Standard Chartered Bank, acting through its Dubai International Financial Centre branch ("SCB DIFC"), is acting as financial adviser to the Purchaser and for no one else in connection with the proposed acquisition and loan financing referred to in this document and is not, and will not be, responsible to anyone other than the Purchaser for providing the protections afforded to clients of Standard Chartered Bank, nor for providing advice in connection with the placing described in this document. Standard Chartered Bank is authorised by the Prudential Regulation Authority and regulated by the Prudential Regulation Authority in the United Kingdom and by the Financial Conduct Authority. SCB DIFC, having its offices at Building 1, Gate Precinct, P.O. Box 999, Dubai, UAE, is a branch of Standard Chartered Bank and is regulated by the Dubai Financial Services Authority.

 

HSBC Bank plc, which is authorised by the Prudential Regulation Authority in the United Kingdom and regulated in the United Kingdom by the Prudential Regulation Authority and by the Financial Conduct Authority, is acting as joint bookrunner for NMC and for no one else in connection with the Placing and is not, and will not be, responsible to anyone other than NMC for providing the protections afforded to clients of HSBC Bank plc, nor for providing advice in connection with any of the matters described in this announcement.

 

HSBC Bank Middle East Limited (together with HSBC Bank plc, "HSBC"), which is authorised and regulated by the Dubai Financial Services Authority and by the Central Bank of the United Arab Emirates, is acting as financial adviser to NMC and for no one else in connection with the Acquisition and is not, and will not be, responsible to anyone other than NMC for providing the protections afforded to clients of HSBC Bank Middle East Limited, nor for providing advice in connection with any of the matters described in this announcement.

 

Each of J.P. Morgan and HSBC is not, and will not be, responsible to anyone other than NMC for providing the protections afforded to its respective clients or for providing advice in relation to the proposed acquisition or any other matters referred to in this announcement. SCB is not, and will not be, responsible to anyone other than the Purchaser for providing the protections afforded to its respective clients or for providing advice in relation to the proposed acquisition or any other matters referred to in this announcement. Apart from the responsibilities and liabilities, if any, which may be imposed on any Bank (each of J.P. Morgan, Standard Chartered Bank and HSBC a "Bank" and collectively the "Banks") by the Financial Services and Markets Act 2000, each Bank accepts no responsibility whatsoever and makes no representation or warranty, express or implied, for the contents of this announcement, including its accuracy, fairness, sufficiency, completeness or verification or for any other statement made or purported to be made by it, or on their behalf, in connection with NMC, the Purchaser, the Placing or the Acquisition, and nothing in this announcement is, or shall be relied upon as, a promise or representation in this respect, whether as to the past or the future. Each Bank accordingly disclaims to the fullest extent permitted by law all and any responsibility and liability whether arising in tort, contract or otherwise (save as referred to above) which they might otherwise have in respect of this announcement or any such statement.

 

Certain information contained in this document constitutes "forward-looking statements," which can be identified by the use of terms such as "may", "will", "should", "expect", "anticipate", "project", "estimate", "intend", "continue", "target" or "believe" (or the negatives thereof) or other variations thereon or comparable terminology. Such statements express the intentions, opinions, or current expectations of NMC with respect to possible future events and are based on current plans, estimates and forecasts which NMC has made to the best of its knowledge, but which do not claim to be correct in the future. Due to various risks and uncertainties, actual events or results or actual performance of NMC may differ materially from those reflected or contemplated in such forward-looking statements. No assurances can be given that the forward-looking statements in this announcement will be realised. As a result, recipients should not rely on such forward-looking statements.

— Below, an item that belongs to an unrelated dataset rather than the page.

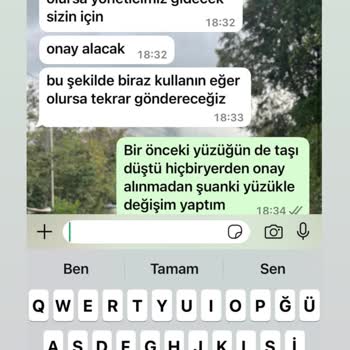 Atasay'dan Aldığım Yüzüğün Sürekli Taş Düşmesi Ve Değişim Sorunu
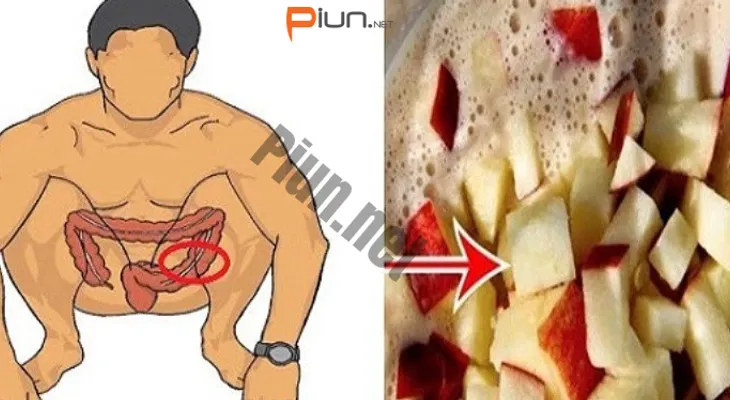Limpia tu colon y pierde 10 kilos en 3 semanas con este remedio. Sorprendente!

Subject to compliance with applicable law and regulations, NMC undertakes no obligation to update these forward-looking statements. No representation or warranty is made as to the reasonableness of such forward-looking statements. No statement in this document is intended to be nor may be construed as a profit forecast.

 

No statement in this announcement is intended to be a profit forecast and no statement in this announcement should be interpreted to mean that earnings per ordinary share for the current or future financial years would necessarily match or exceed the historical published earnings per ordinary share.

 

Any investment decision to buy securities in the Placing must be made solely on the basis of publicly available information which has not been independently verified by NMC or either of the joint bookrunners. No representation or warranty, express or implied, is or will be made as to, or in relation to, and no responsibility or liability is or will be accepted by J.P. Morgan, HSBC or by any of their respective affiliates or agents as to or in relation to, the accuracy or completeness of this announcement or any other written or oral information made available to or publicly available to any interested party or its advisers, and any liability therefore is expressly disclaimed.

 

The distribution of this announcement and the Placing and/or offering or issue of the Placing Shares in certain jurisdictions may be restricted by law. No action has been taken by NMC, the Banks or any of their respective affiliates that would, or which is intended to, permit (i) an offer of the Placing Shares in any jurisdiction or (ii) possession or distribution of this announcement or any other offering or publicity material relating to the Placing Shares in any jurisdiction where action for that purpose is required. Persons into whose possession this announcement comes are required by NMC and the Banks to inform themselves about and to observe any restrictions.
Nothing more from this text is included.